**TRY IT:**
Would you please copy only the lines from the line that contains "Bamboo Organizer oplader" to the end of the data below, exactly, leaving every picture out?

**SUPPLIED MATERIAL:**
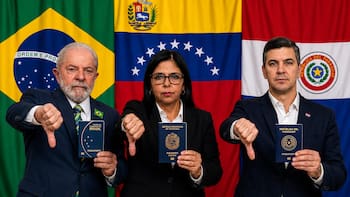 Confirmado | Brasil, Venezuela y Paraguay bloquearán el ingreso al país a las personas que posterguen la renovación del pasaporte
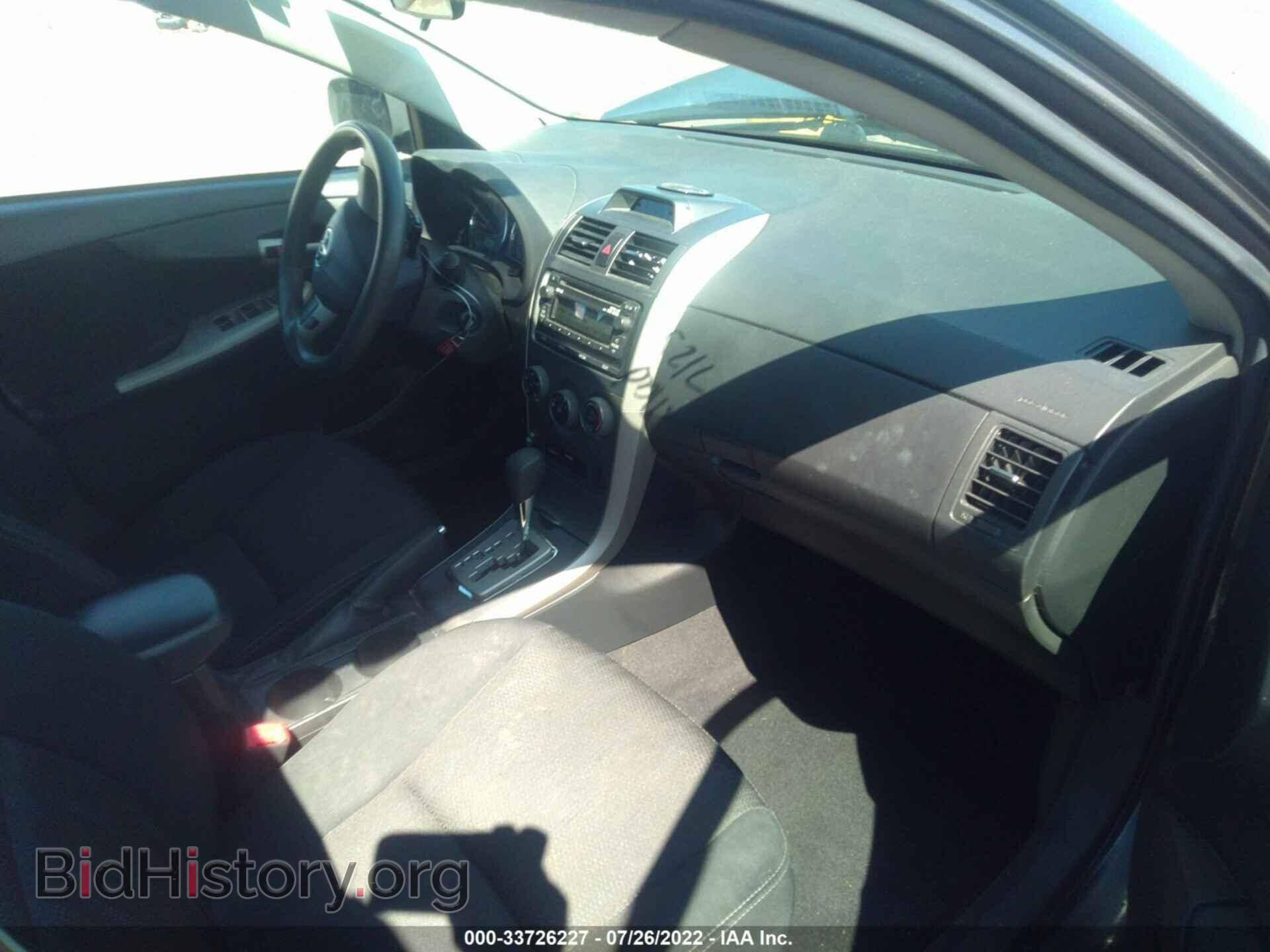 2012 TOYOTA COROLLA - VIN: 2T1BU4EE5CC889770 - Фото 5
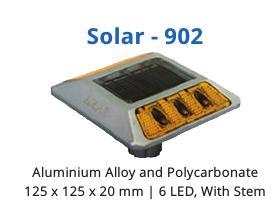 Solar Road Stud Light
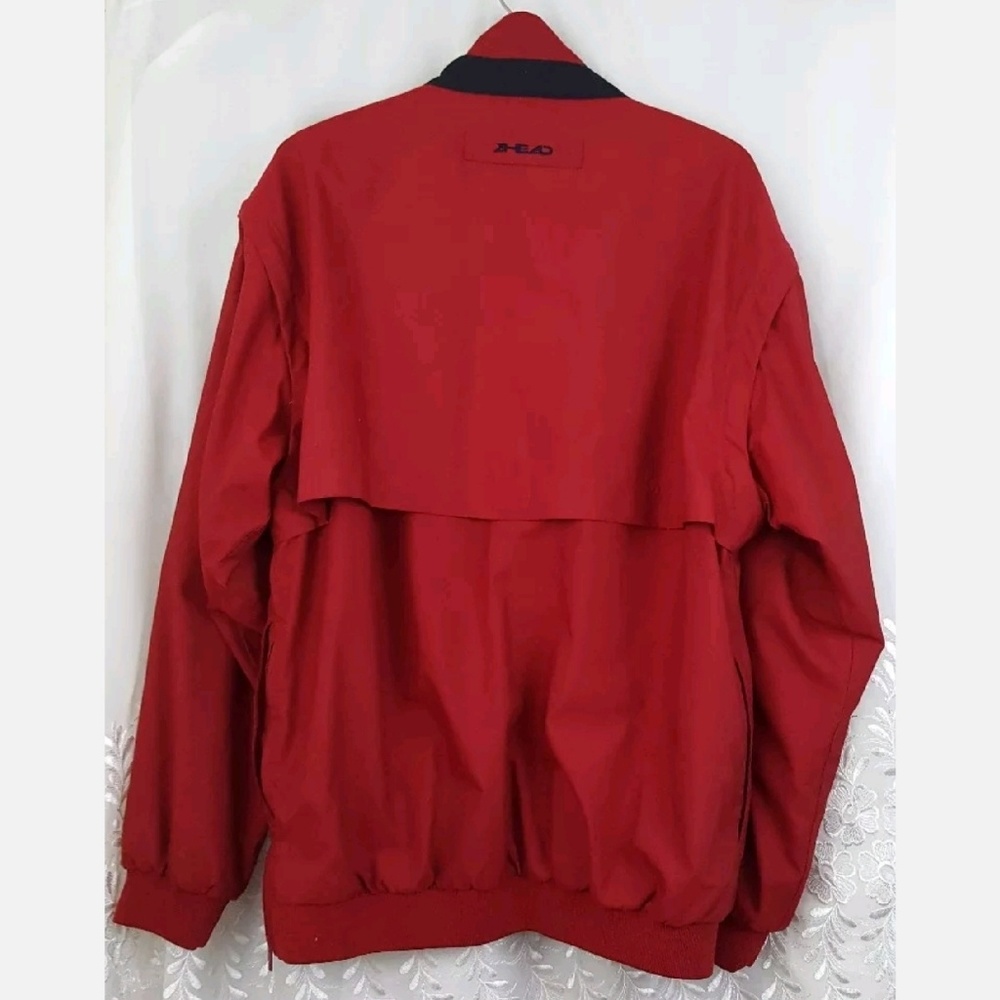 Ahead Authentics Pullover Red Convertible Jacket - image 3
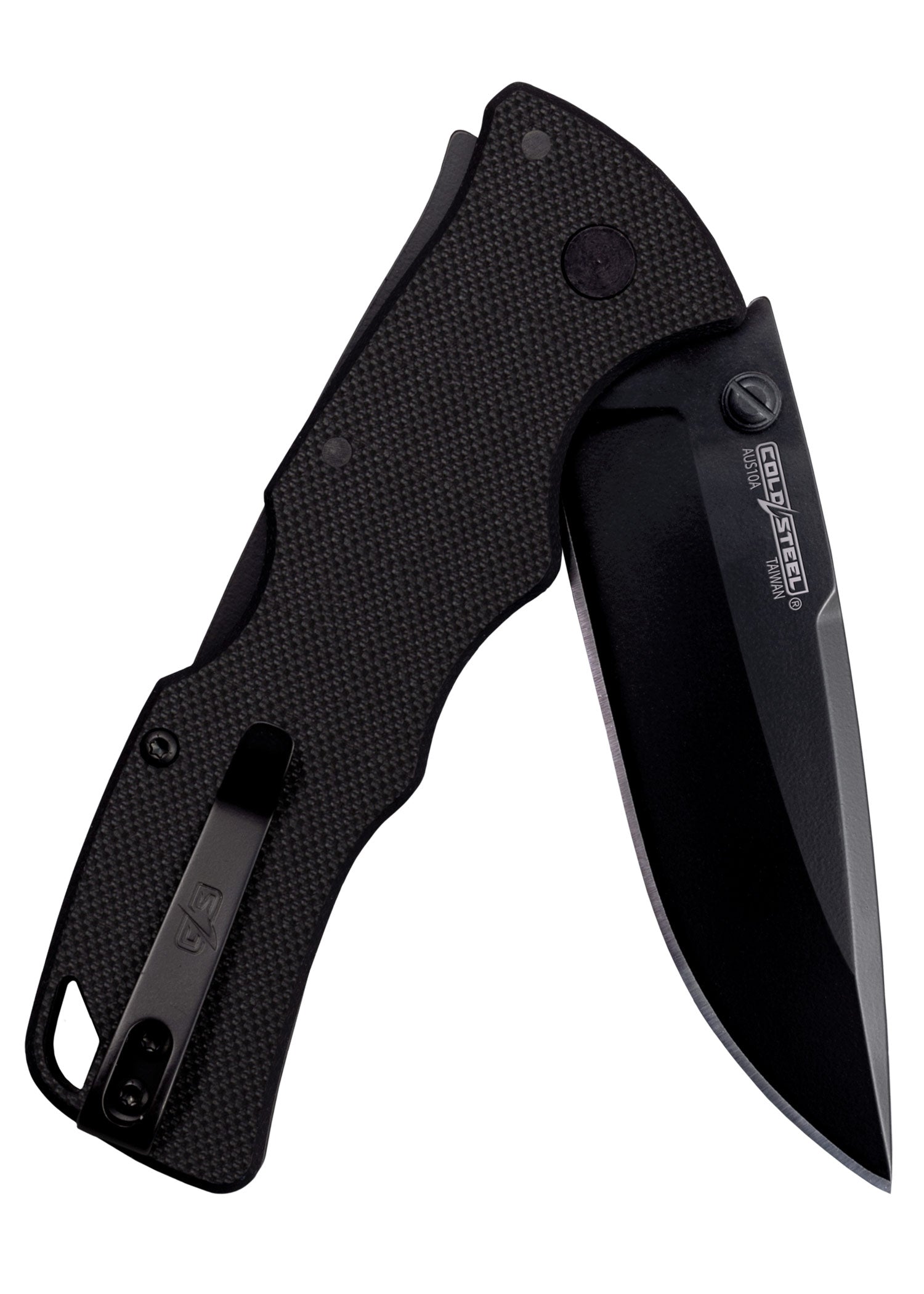 Imagen única de: Navaja De Bolsillo Verdict, Spear Point, Aus10a, Mango Negro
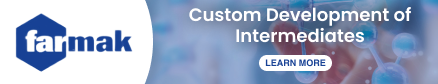 Farmak Custom Development of Intermediates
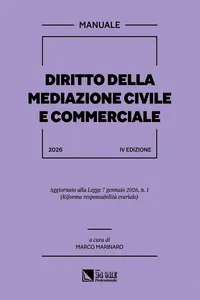 Diritto della mediazione civile e commerciale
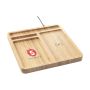 Bamboo Organizer oplader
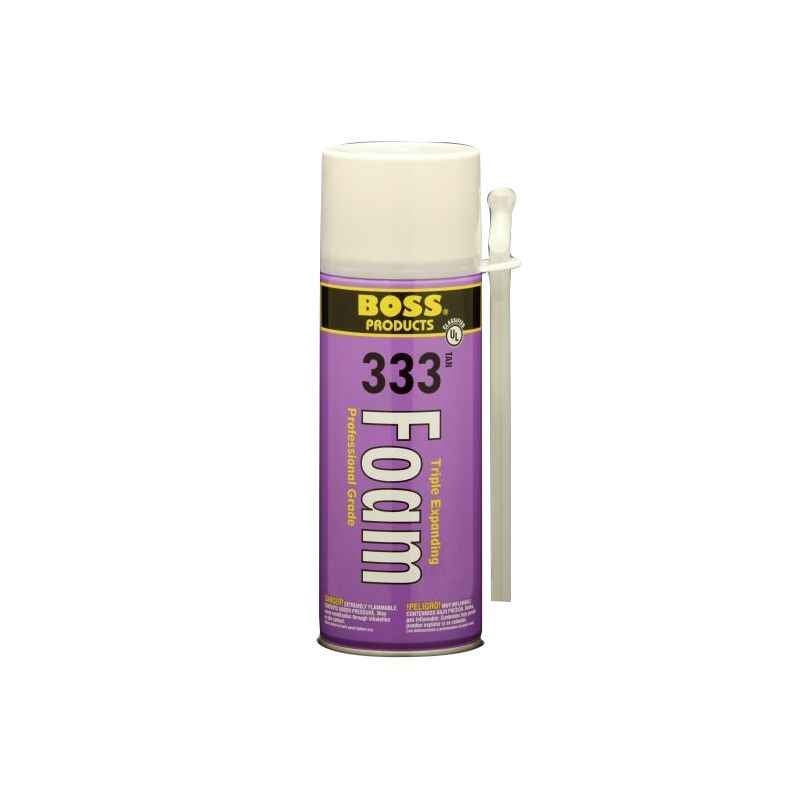 Boss 750ml 333 PU Foam Spray (Pack of 12)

**RESULT FOR THIS EXERCISE:**
 Bamboo Organizer oplader
 Boss 750ml 333 PU Foam Spray (Pack of 12)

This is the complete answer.